Like ESPN, NBC is also celebrating the fiftieth anniversary of Title IX with themed content across their platforms, including Becoming Annika (subscription required), a film documenting the life of golfer, Annika Sörenstam who not only became one of the most legendary golfers in the LPGA, but also started a foundation that provides opportunities to female golfers at the junior, collegiate, and professional levels.
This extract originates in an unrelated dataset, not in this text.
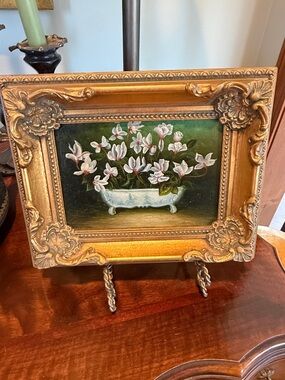 Vintage Floral Oil Painting in Ornate Gold Frame - White & Green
If you’re in the mood for fiction, this is the month to watch—or rewatch—the 2017 film, Battle of the Sexes. Starring Emma Stone and Steve Carell, this movie brings the legendary 1972 match between Bobby Riggs and Billie Jean King, a tireless champion for Title IX, to life on the big screen.
Podcasts We Recommend
Title IX affects all women’s sports, but this podcast is all about distance running and its female pioneers, including Bjorg Austrheim-Smith and Marilyn Bevans among others. Each episode features one trailblazer telling her story in her own words. One of the podcast creators, Cara Hawkins-Jedlicka, told Women’s Running she hopes to “solidify these pioneer’s legacies” and “inspire future generations of runners and cement women runners as part of the larger running culture.” Upcoming guests, according to Hawkins-Jedlicka: Robin Campbell, Madeline Manning-Mims, and Lynn Jennings, to name just a few. Although she wants listeners to come away feeling grateful for these women, Hawkins-Jedlicka hopes the podcast will also help people understand that the effects of Title IX on collegiate programs didn’t happen in an instant.
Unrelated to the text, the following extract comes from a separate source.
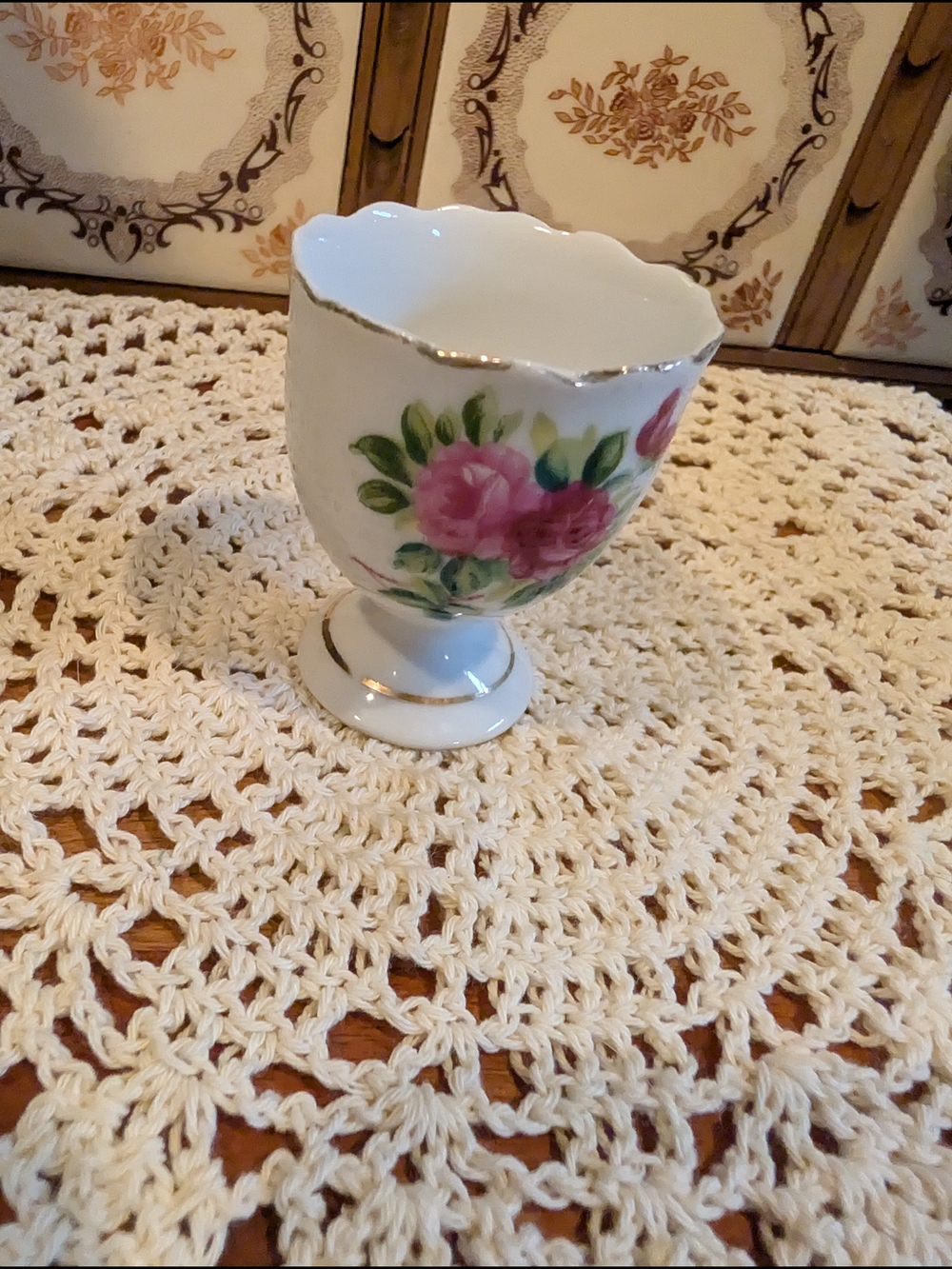 Porcelain Pedestal Egg Cup with Pink Rose Design and Gold Trim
Joan Benoit Samuelson, gold medalist in the first Olympic marathon for women, wants more people to know the stories of the female athletes who helped pave the way for not only her, but for all girls and women in sport today. This podcast, narrated by Samuelson and created by Peter McDonnel, shares those stories and demonstrates how each one of them has contributed to Samuelson’s own journey.
Through compelling storytelling and engaging characters, this podcast traces the evolution of Title IX through the lens of women’s basketball. Narrated by Ibtihaj Muhammad—an Olympic medalist in fencing—the five-episode series takes listeners through the earliest years of Title IX, the takeover of women’s basketball by the NCAA, the 1996 Olympic gold medal win, and Sedona Prince’s infamous 2021 TikTok video exposing the shocking difference between women’s and men’s facilities at that year’s NCAA tournaments.
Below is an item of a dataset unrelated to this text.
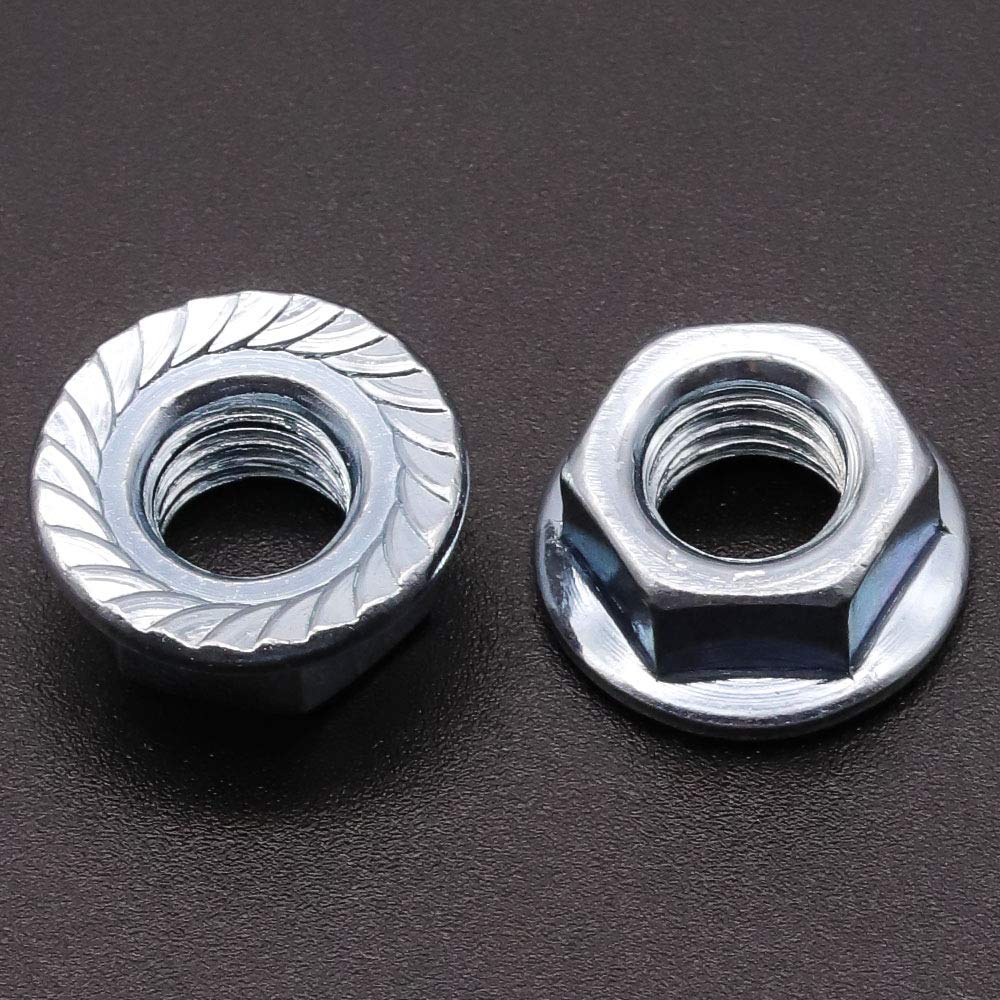 3/8-16 UNC Serrated Flange Hex Locknuts Zinc Plated Carbon Steel 20 Pack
Laughter Permitted with Julie Foudy bonus episodes
From ESPN, this podcast is hosted by American soccer great, Julie Foudy, who talks with other trailblazing athletes about life’s ups and downs. In celebration of Title IX’s fiftieth anniversary, the podcast released three Title IX-themed bonus episodes, featuring a mix of female and transgender guests including Donna Lopiano, Katie Barnes, and Mia Hamm.
Outside & Women’s Running Gives Back
At Outside, we believe in supporting and partnering with nonprofit organizations who work to protect the planet and grow outdoor participation among youth and underrepresented communities. We believe that together, we can make a difference. That’s why we support an array of nonprofit organizations that are on the ground doing this work every day.
One of those is 261 Fearless, an organization supporting women to lead healthy, fearless lives through running. The story of 261 Fearless begins with Kathrine Switzer (bib no. 261), who faced down an attack mid-race to become the first woman to complete the 1967 Boston Marathon. In 2015, she and CEO and President Edith Zuschmann established a global organization of running clubs dedicated to helping women of all ages, abilities, and backgrounds to uncover their self-worth and potential through running.